Work required:
Copy everything in the data below exactly except the pictures.

Recorded information:
▬▬▬
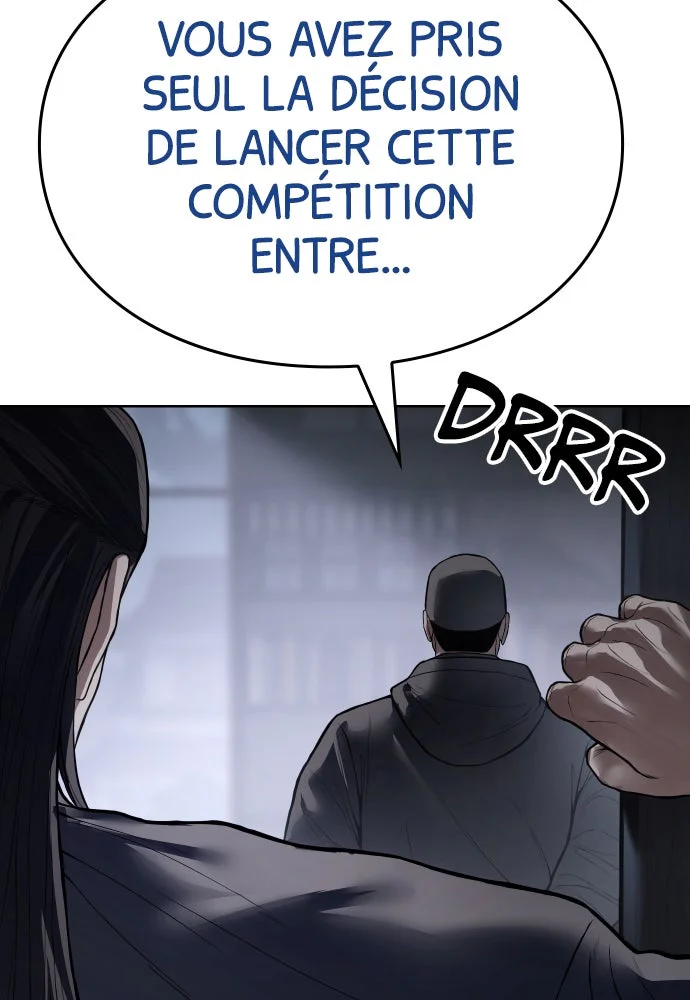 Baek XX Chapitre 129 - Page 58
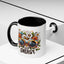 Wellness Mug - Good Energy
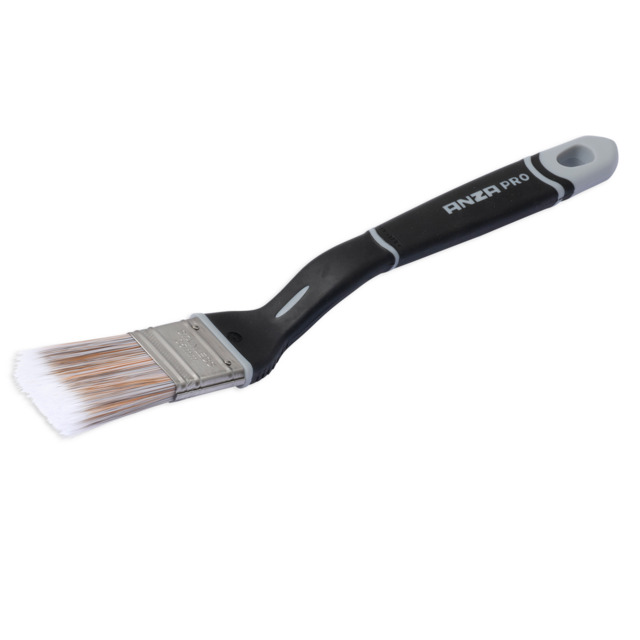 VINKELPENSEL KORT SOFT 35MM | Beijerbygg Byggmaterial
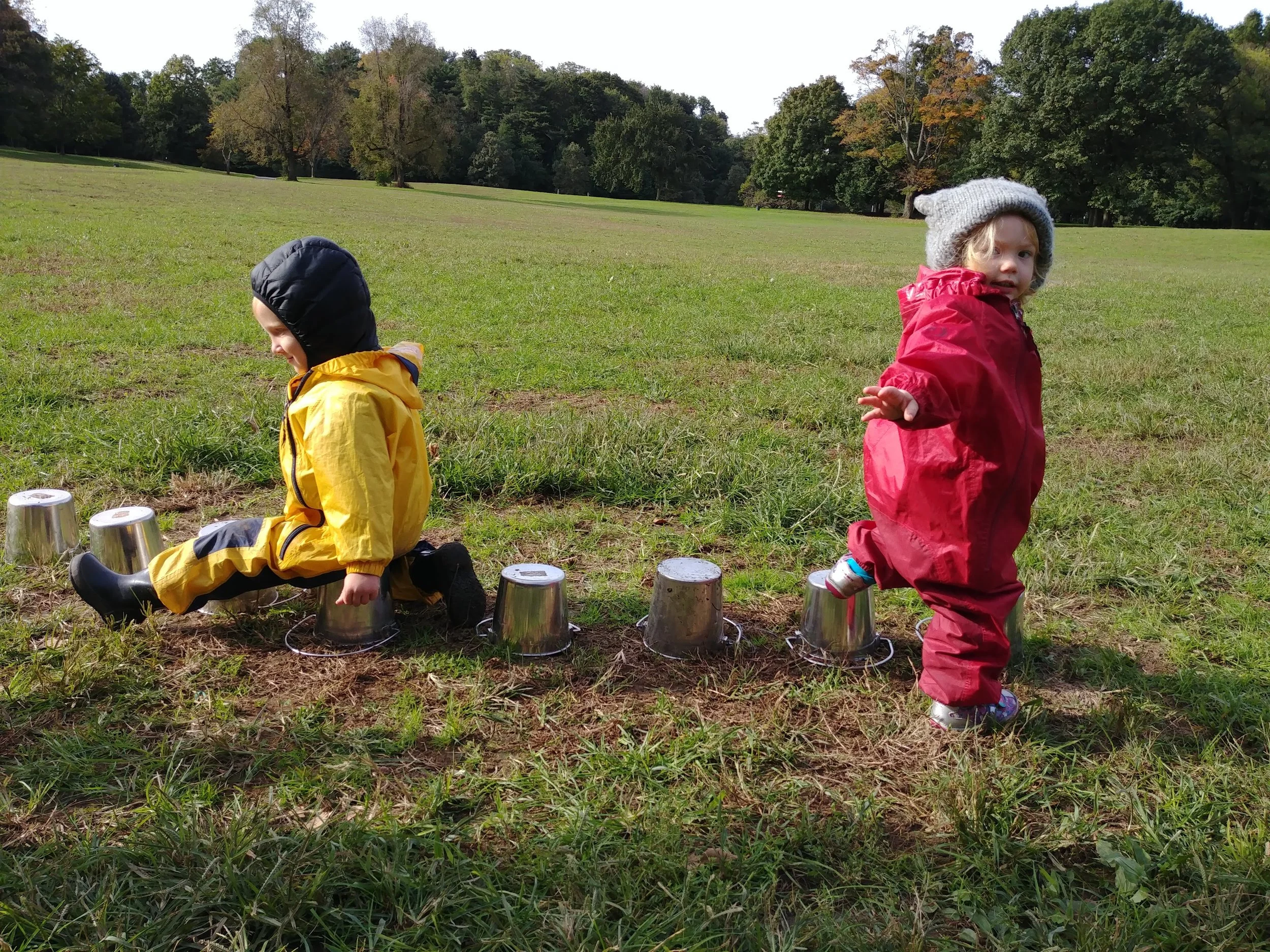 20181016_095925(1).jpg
▬▬▬
Solution to this exercise:
 Baek XX Chapitre 129 - Page 58
 Wellness Mug - Good Energy
 VINKELPENSEL KORT SOFT 35MM | Beijerbygg Byggmaterial
 20181016_095925(1).jpg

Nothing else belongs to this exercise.